Two new Committee reports on National Security – How will Goodale react?
Two important Commons committee reports relating to Bill C-51 and national security were released this week. They come after a major consultation on national security by the federal government in late 2016.
Public Safety Minister Ralph Goodale has said he plans to introduce legislation to reform the much-criticized Bill C-51 before the summer, but it is still unclear what the nature of those changes might be. Hopefully these Committee reports will give the minister some direction.
The first report to be released was from the Access to Information, Ethics and Privacy Committee (ETHI), which has completed a study on the Security of Canada Information Sharing Act.
The ETHI report has 14 recommendations, which would have a significant positive effect on this legislation, but would not actually repeal it.
The Conservatives supported the report, but added a supplementary set of reasons, saying the review was premature.
The NDP dissented from the report, calling for the repeal of the SCISA.
A day later the Public Safety and National Security Committee (SECU), released its report on national security entitled Protecting Canadians and their Rights: A New Roadmap for Canada’s National Security.

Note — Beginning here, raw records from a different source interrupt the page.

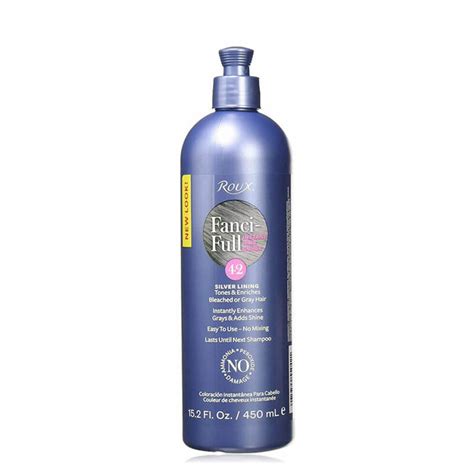 ROUX FANCIFUL RINSE #42-SILVER LINING – Cicelys Beauty Supply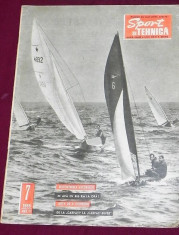 revistaSport si tehnica 1965 - nr 7 iulie motoreta Carpati foto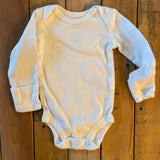 White Onesie | newborn | Carter's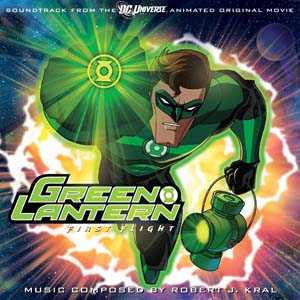 GREEN LANTERN: FIRST FLIGHT 1500 EDITION CD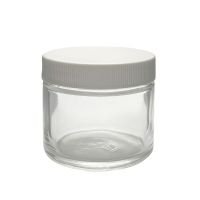 2 oz, 60mL Short Wide Mouth Jar, 55x48mm, 53-400mm PP Closure, Unlined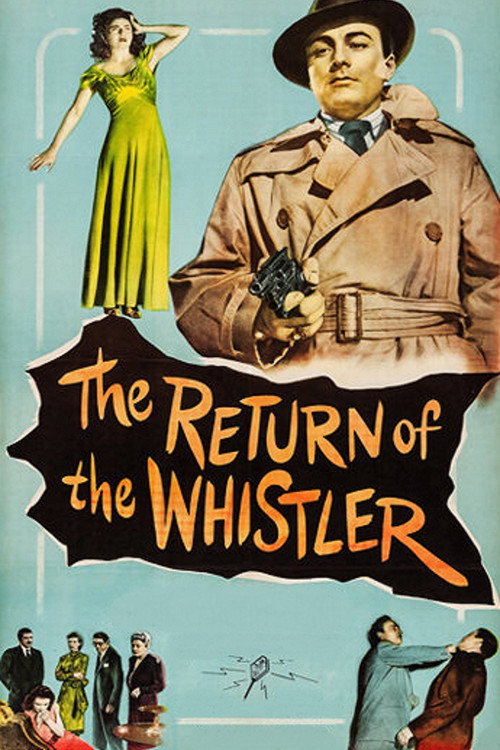 The Return of the Whistler (1948) movie poster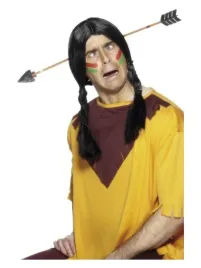 opaska-strzala-w-glowie-indianina-halloween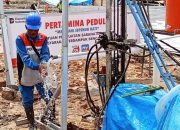 Pertamina Gandeng Elnusa Sediakan Akses Air Bersih Pascabencana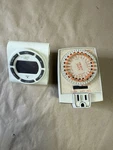 Various Ge Heavy Duty Plug-in Outlet Timer Pack 15079 12-202 White Indoor. Fixed Price $17.99.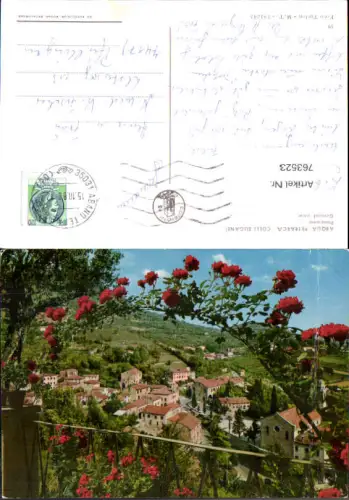 763523 Arquà Petrarca Colli Euganei Provinz Padua Italy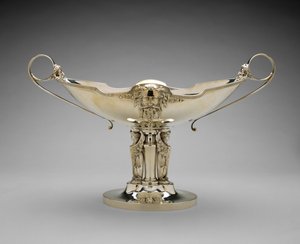 Compote, Gorham Manufacturing Company, ca. 1863-68 (sølv) av Gorham Manufacturing Company Gorham Manufacturing Company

This report contained 41 recommendations, including getting rid of the ability of CSIS to violate the Charter of Rights and Freedoms by getting a special warrant from a judge.
This time the NDP supported the report, but provided supplementary reasons, while the Conservatives rejected the recommendations, stating that protecting Canadians from terrorism is the government’s highest responsibility and the powers in C-51 have been used responsibly.
Minister Goodale has about six weeks to introduce his promised legislation.